About this exercise:
Below are some entries. Repeat exactly the lines from the one with "Express I NEED VITAMIN SEA Screen Tee XSMALL" through the one with "Spacious, unfurnished interior", and only those.

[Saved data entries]
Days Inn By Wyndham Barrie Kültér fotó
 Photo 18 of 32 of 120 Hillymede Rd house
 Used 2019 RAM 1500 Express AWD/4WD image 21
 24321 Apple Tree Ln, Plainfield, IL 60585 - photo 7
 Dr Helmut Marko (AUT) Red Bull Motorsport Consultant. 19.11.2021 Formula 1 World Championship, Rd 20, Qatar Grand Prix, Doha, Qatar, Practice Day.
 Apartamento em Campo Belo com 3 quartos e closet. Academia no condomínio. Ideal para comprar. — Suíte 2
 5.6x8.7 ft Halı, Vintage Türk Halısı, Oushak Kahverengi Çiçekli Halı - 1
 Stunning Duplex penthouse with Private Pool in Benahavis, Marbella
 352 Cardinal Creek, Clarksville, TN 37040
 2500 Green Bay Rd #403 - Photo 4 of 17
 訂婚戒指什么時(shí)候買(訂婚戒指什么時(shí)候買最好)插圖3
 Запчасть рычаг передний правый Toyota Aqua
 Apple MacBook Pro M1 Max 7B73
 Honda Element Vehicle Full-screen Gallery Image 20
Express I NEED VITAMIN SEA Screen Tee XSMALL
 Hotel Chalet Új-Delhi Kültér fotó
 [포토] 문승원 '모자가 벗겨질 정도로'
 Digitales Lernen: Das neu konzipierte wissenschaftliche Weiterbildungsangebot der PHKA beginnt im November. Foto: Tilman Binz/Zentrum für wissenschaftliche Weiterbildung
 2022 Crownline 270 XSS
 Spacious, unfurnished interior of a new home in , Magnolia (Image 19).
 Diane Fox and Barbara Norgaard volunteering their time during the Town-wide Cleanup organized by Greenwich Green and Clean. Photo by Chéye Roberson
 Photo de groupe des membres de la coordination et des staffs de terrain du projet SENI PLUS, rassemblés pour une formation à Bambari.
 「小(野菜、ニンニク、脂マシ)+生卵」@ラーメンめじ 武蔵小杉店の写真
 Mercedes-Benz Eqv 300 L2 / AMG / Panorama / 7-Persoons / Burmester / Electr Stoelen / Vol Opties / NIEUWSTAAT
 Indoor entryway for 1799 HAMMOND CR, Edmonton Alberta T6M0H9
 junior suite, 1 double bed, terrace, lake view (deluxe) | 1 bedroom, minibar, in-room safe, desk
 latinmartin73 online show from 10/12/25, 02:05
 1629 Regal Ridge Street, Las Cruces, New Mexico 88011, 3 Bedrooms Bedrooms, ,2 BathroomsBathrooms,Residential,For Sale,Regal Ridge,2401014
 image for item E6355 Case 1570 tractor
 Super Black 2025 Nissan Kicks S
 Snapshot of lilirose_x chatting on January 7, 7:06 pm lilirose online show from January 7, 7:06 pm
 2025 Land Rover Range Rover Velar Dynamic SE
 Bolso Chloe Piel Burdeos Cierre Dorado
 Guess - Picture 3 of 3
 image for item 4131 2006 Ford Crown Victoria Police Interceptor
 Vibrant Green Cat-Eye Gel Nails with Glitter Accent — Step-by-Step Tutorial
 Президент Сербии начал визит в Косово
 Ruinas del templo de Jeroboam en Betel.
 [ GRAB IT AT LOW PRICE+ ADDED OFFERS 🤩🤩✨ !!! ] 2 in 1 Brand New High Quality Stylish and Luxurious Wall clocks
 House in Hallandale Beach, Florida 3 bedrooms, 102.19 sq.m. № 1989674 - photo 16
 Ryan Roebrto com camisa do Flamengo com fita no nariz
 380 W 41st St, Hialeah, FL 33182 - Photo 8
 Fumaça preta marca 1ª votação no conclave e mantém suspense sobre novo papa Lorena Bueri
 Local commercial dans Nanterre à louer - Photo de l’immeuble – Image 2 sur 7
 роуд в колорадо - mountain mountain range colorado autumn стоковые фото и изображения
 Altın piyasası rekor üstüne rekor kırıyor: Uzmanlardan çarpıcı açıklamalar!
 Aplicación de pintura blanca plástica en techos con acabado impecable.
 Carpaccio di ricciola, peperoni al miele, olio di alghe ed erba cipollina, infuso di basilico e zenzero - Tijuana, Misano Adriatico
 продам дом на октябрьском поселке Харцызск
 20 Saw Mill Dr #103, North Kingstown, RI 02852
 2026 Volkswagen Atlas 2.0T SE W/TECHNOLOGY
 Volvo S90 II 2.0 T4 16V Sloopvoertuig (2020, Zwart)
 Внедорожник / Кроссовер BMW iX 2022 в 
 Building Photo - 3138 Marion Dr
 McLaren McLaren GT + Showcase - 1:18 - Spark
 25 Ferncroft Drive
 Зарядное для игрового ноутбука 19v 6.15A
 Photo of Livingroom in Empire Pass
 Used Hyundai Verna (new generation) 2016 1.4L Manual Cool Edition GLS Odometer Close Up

Finished task:
Express I NEED VITAMIN SEA Screen Tee XSMALL
 Hotel Chalet Új-Delhi Kültér fotó
 [포토] 문승원 '모자가 벗겨질 정도로'
 Digitales Lernen: Das neu konzipierte wissenschaftliche Weiterbildungsangebot der PHKA beginnt im November. Foto: Tilman Binz/Zentrum für wissenschaftliche Weiterbildung
 2022 Crownline 270 XSS
 Spacious, unfurnished interior of a new home in , Magnolia (Image 19).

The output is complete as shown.